# What is a good gift for a Catholic?



## Pergamum (May 20, 2012)

I wanted to buy a gift for a Catholic family. They share "conservative values" and homeschool and believe in large families and so want to meet us. Their kids, too, will probably read the book (they have teenagers).

I had thought of the Confessions of Saint Patrick as something for the kids. We talk often, so Luther's _Babylonian Captivity of the Church_ or something like that might be too confrontational right now, but I am looking for something that a Catholic can receive and be happy to read and be blessed by, but which also sets forth true doctrine and makes them thirsty to talk more.

What about these suggestions:

-_Cur Deus Homo_ by Anselm

-_The Confessions of Saint Patric_k

-Augustine's _Confessions_


?


----------



## FedByRavens (May 20, 2012)

"Confessions" sounds like a good idea. Rex Warner's translation even has a recommendation on the front cover from a pope.


----------



## Curt (May 20, 2012)

Seconding the "Confessions."


----------



## Scott1 (May 20, 2012)

First,
How To Be Born Again - Billy Graham

Later,
http://www.ligonier.org/store/what-does-it-mean-to-be-born-again-paperback/


----------



## Jake (May 20, 2012)

Maybe a simple but powerful book to reflect on the doctrine of God that is rich in Scripture could be a good start.
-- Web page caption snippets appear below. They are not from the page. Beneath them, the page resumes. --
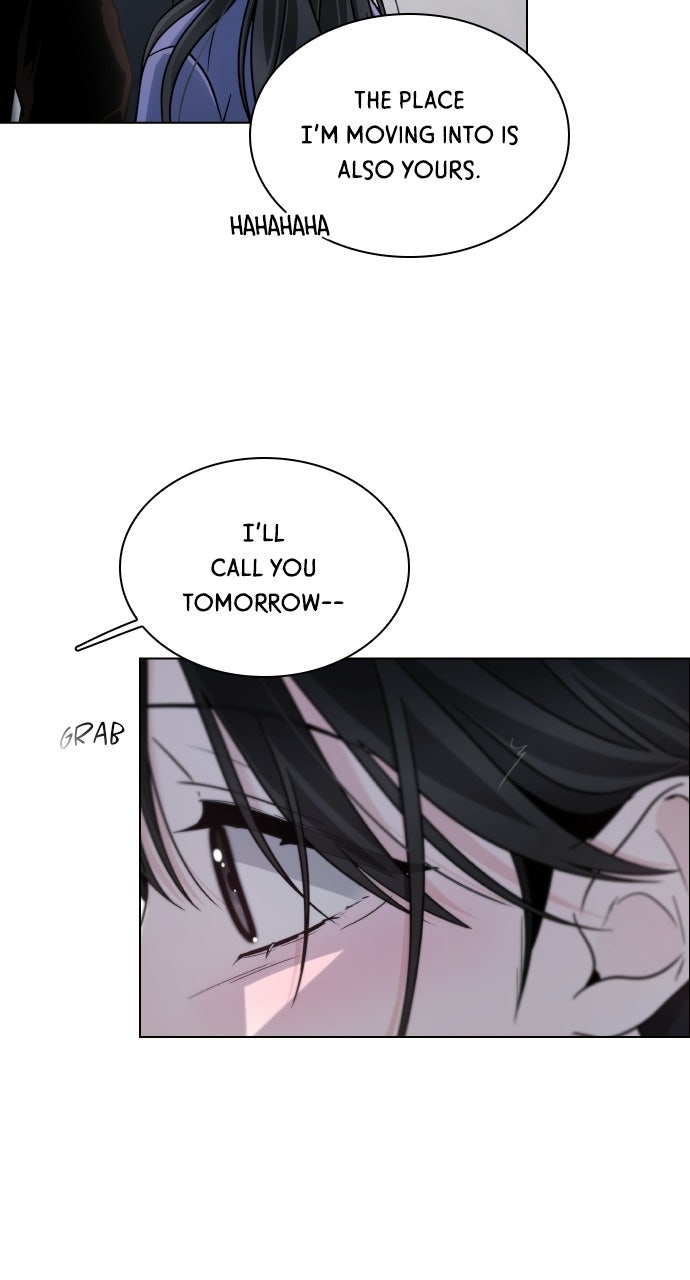 A Kiss Before I Sleep (S2) Episode 64 page 87 - 
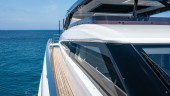 1000 2025 FERRETTI YACHTS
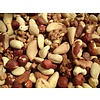 Raw nuts mix - cup 300 gram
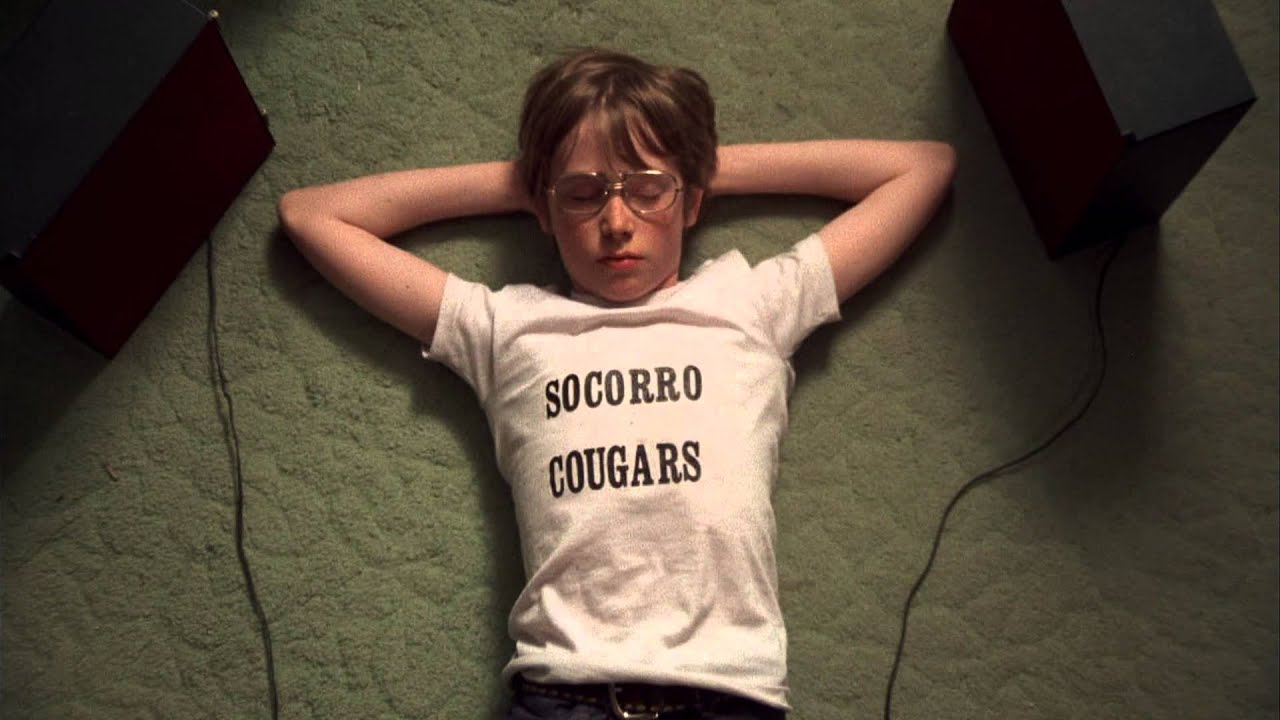 Видео к фильму Алиса здесь больше не живет | Алиса здесь больше не живет - Трейлер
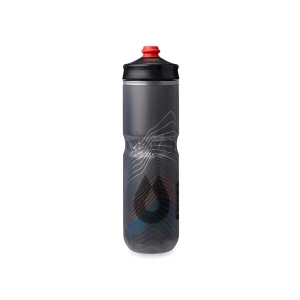 Butelka Hydrapak Polar Surge Ascent 700ml Black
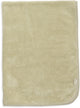 Jollein coperta per culla 75x100 cm basic in jersey sherpa morbido matcha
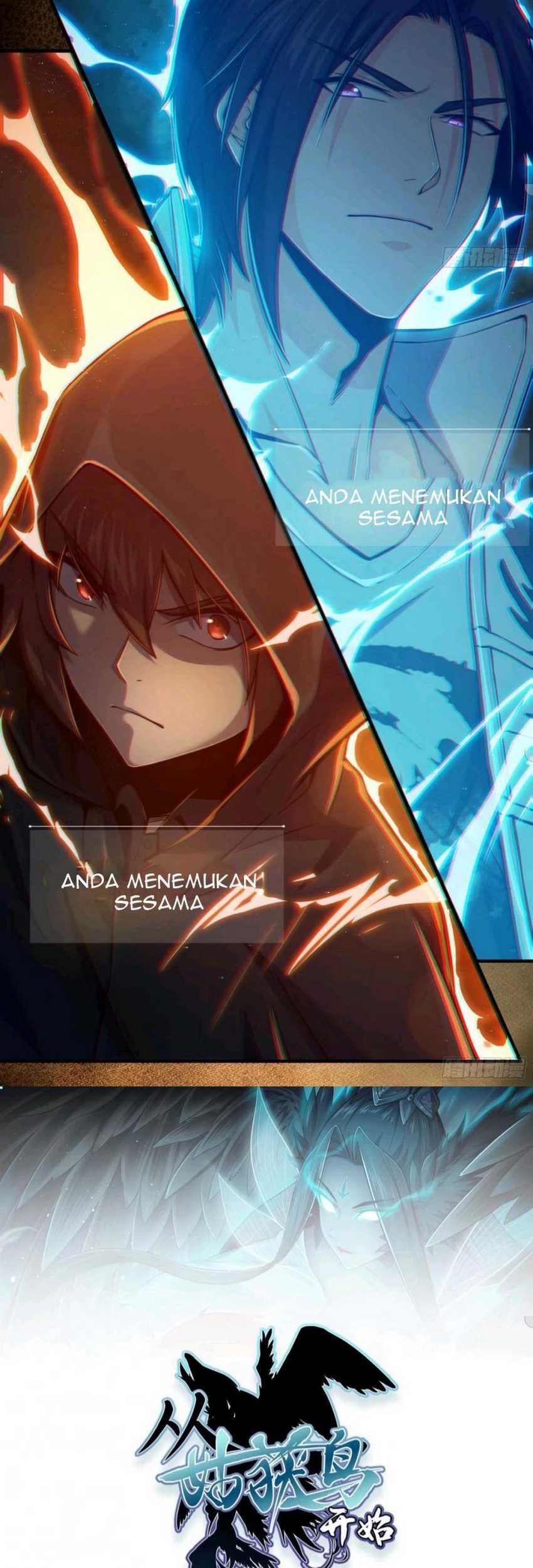 Starting from Guhuoniao Chapter 11 Gambar 48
For example, Holiness of God by R. C. Sproul. Accessible to the whole family, touches specifically on Luther and what brought him to reformation in one chapter (The Insanity of Luther), but all in all just reflecting on an attribute of God as revealed in the Bible. Gospel heavy, but not anything blatantly against Catholicism, but still true to reformed doctrine. I am sure there are plenty of other good books, but that one comes to mind.


----------